• [Task description] All records below are to be repeated exactly, with the pictures left out.

• [Exercise input]
______________________________
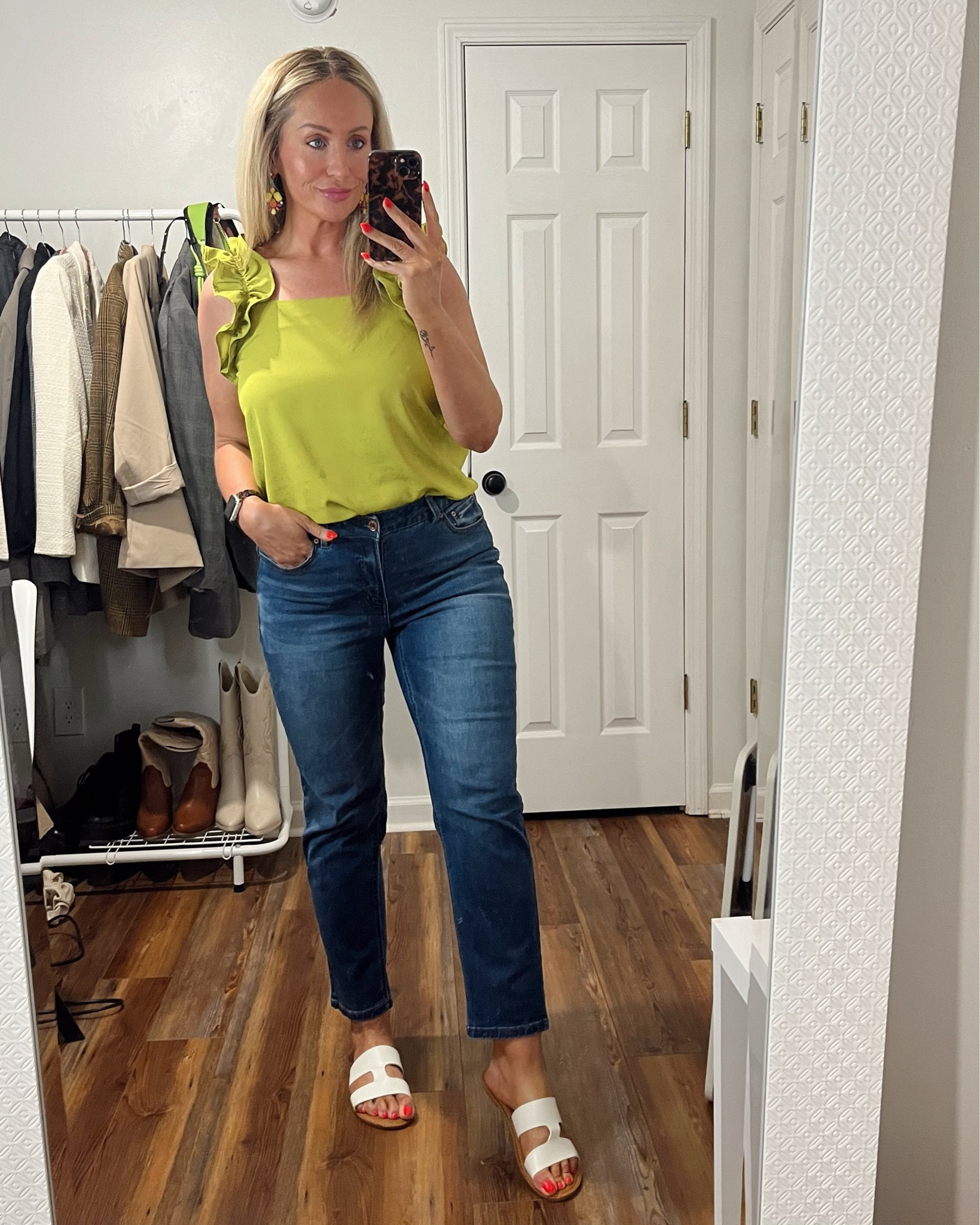 Date night ootd 💚
.
.
#datenightoutfit #midsizeoutfits #midsizefashion #shein #walmartjeans #summerootd 

#LTKStyleTip #LTKMidsize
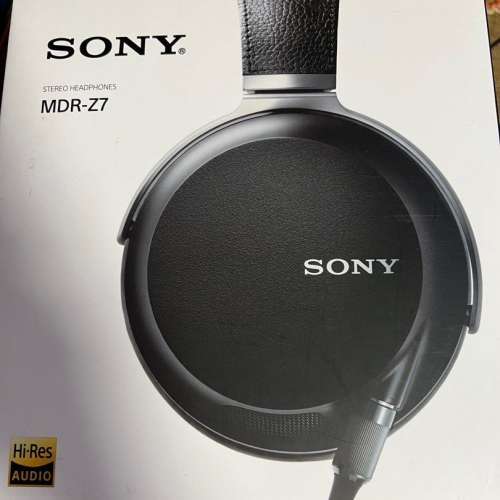 Sony  MDR-Z7 99%新全套有盒，極小用，香港行貨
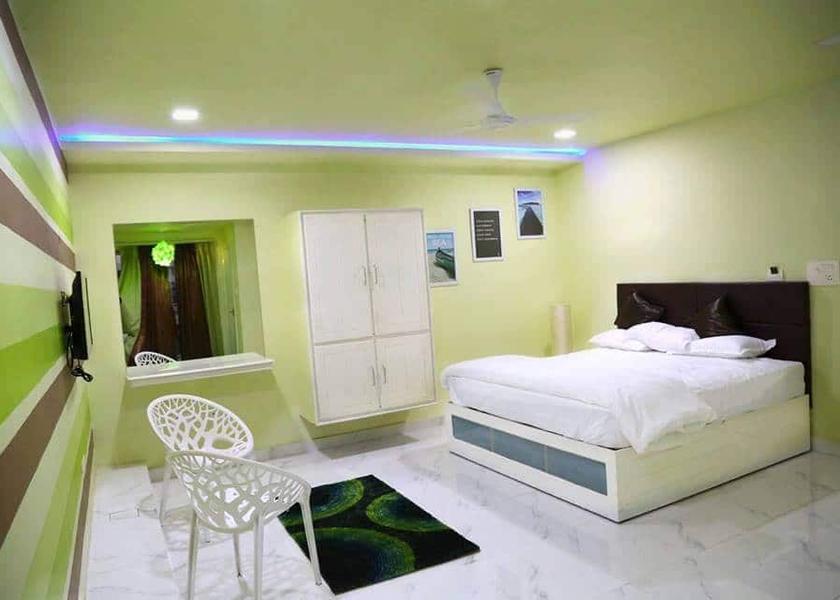 Andhra Pradesh Tanuku Semi Suite Room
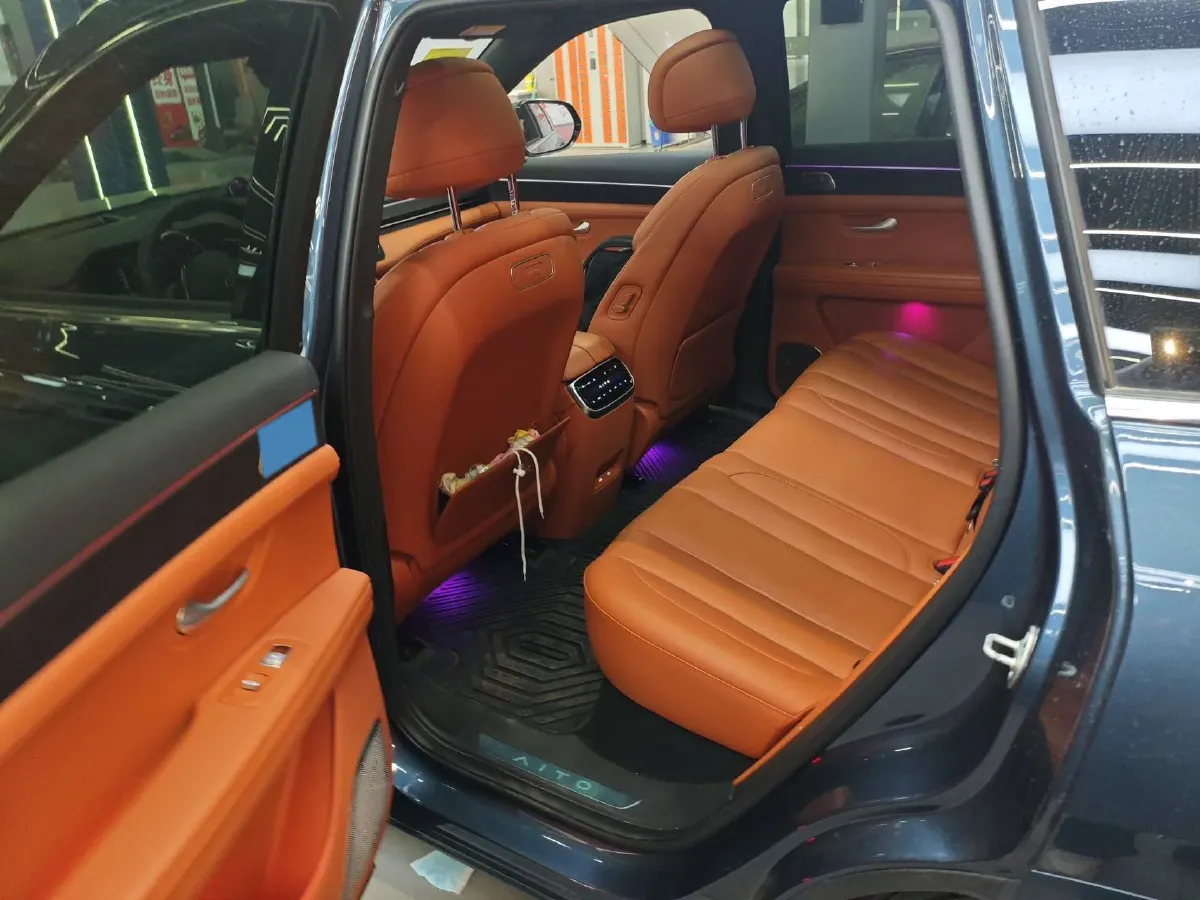 2024 AITO AITO M7 1.5T 152HP L4 REEV 42KWH,autocango,china used car exporter,china ev exporter,chinese used car exporter,chinese used ev exporter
______________________________
• [Answer to this task]
 Date night ootd 💚
.
.
#datenightoutfit #midsizeoutfits #midsizefashion #shein #walmartjeans #summerootd 

#LTKStyleTip #LTKMidsize
 Sony  MDR-Z7 99%新全套有盒，極小用，香港行貨
 Andhra Pradesh Tanuku Semi Suite Room
 2024 AITO AITO M7 1.5T 152HP L4 REEV 42KWH,autocango,china used car exporter,china ev exporter,chinese used car exporter,chinese used ev exporter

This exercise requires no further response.